In 1970, he became the first UGA faculty member to be elected to membership in the National Academy of Sciences. With his brother, Howard, he received the Crafoord Prize, which is widely considered the equivalent of the Nobel Prize for bioscientists. And he was awarded the Tyler Ecology Award by former President Jimmy Carter in ceremonies held at the White House.
“Eugene Odum has had an important influence on the world by his insistence on the value of a quality environment,” said Carter. “His pioneering work in ecology has changed the way we look at the natural world and our place in it.”
Odum produced a seemingly endless stream of books, international conference talks and journal articles, but he always held a special place in his heart for his textbook.
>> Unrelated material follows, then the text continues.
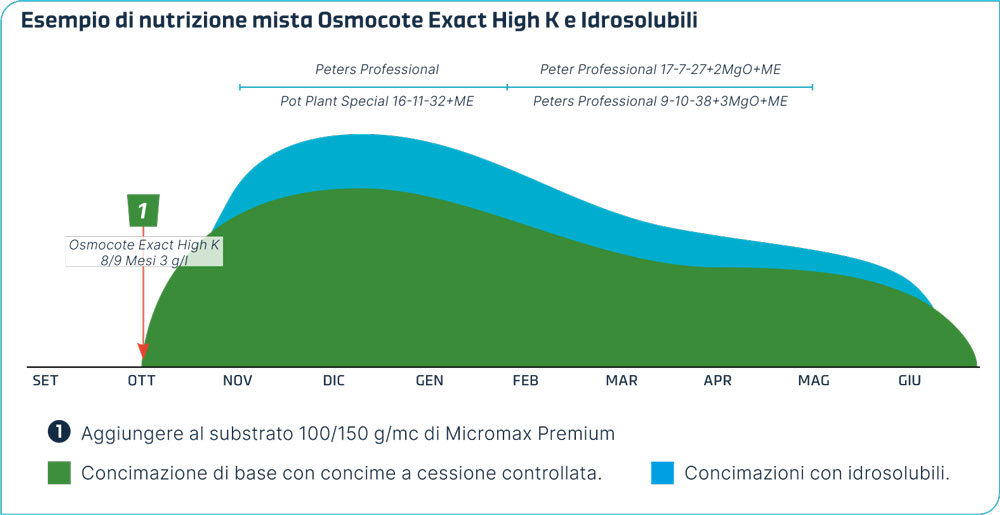Grafico con esempio di nutrizione mista CRF e idrosolubili per Hibiscus rosa sinensis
Now in its fifth edition, “Fundamentals of Ecology” has been translated into more than a dozen languages.
Odum passed away at his Athens, Georgia, home in 2002 at the age of 88. In 2007, the Institute of Ecology was renamed in his honor as the Eugene P. Odum School of Ecology.
In a tribute to her late friend, Craige noted that he gave much of his accumulated wealth, derived largely from book royalties and awards, to UGA’s ecology program.
“But he gave something even more valuable to the people who knew him,” she wrote. “He taught us a way to understand the world as a giant ecosystem whose parts are all interconnected, and he instilled in us an environmentalist conscience.”